• _What the exercise asks_: Look through the material below. Return exactly the lines from the one with "第二十八话 救救我(1/2)-第30话" through the one with "Carepro 吸尘机器 图2", both included.

• _Record extracts_:
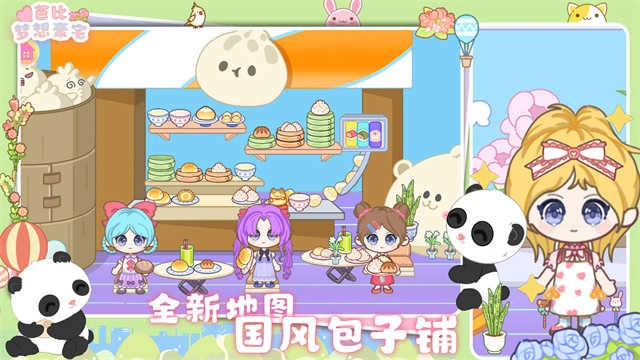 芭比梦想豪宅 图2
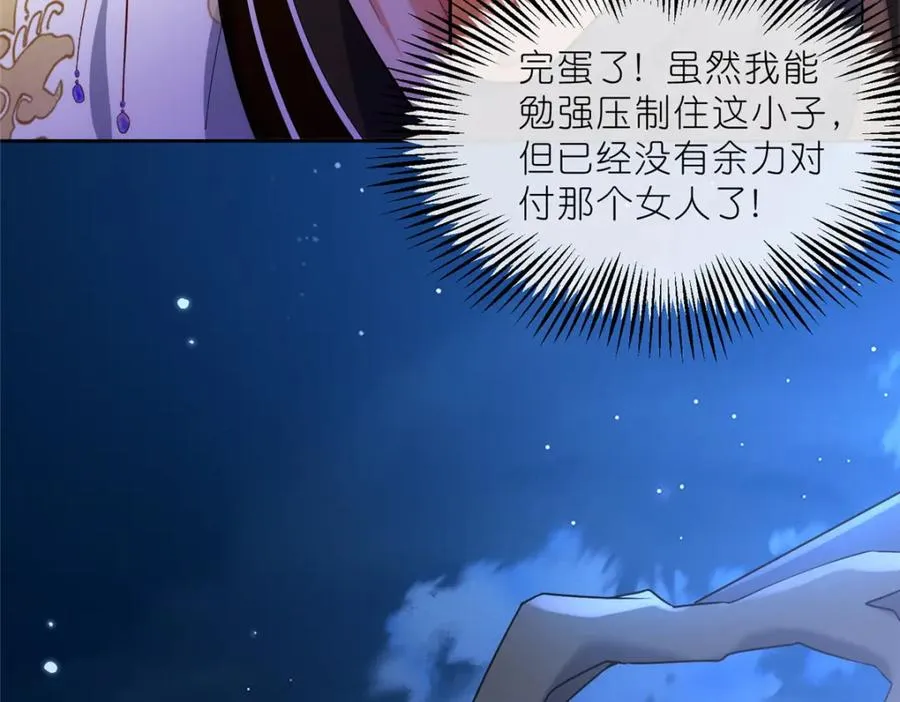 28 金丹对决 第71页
...
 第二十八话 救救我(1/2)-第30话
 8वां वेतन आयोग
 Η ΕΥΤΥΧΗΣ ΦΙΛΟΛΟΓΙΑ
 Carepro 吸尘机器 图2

• _Response to this task_:
 第二十八话 救救我(1/2)-第30话
 8वां वेतन आयोग
 Η ΕΥΤΥΧΗΣ ΦΙΛΟΛΟΓΙΑ
 Carepro 吸尘机器 图2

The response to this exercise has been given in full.